• What needs to be done: Nothing below is to be printed except the lines between the line holding "Male reproductive structures" and the line holding "Pejabat Menteri Nafi", inclusive, each exactly as it appears.
══ Records shown ══
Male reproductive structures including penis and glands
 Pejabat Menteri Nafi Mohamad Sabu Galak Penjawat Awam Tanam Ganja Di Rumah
═══
══ Records shown ══
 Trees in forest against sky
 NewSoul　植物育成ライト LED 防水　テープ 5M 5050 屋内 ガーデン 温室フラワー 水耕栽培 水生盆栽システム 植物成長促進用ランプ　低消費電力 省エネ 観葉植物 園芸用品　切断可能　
═══
• Output of the exercise:
Male reproductive structures including penis and glands
 Pejabat Menteri Nafi Mohamad Sabu Galak Penjawat Awam Tanam Ganja Di Rumah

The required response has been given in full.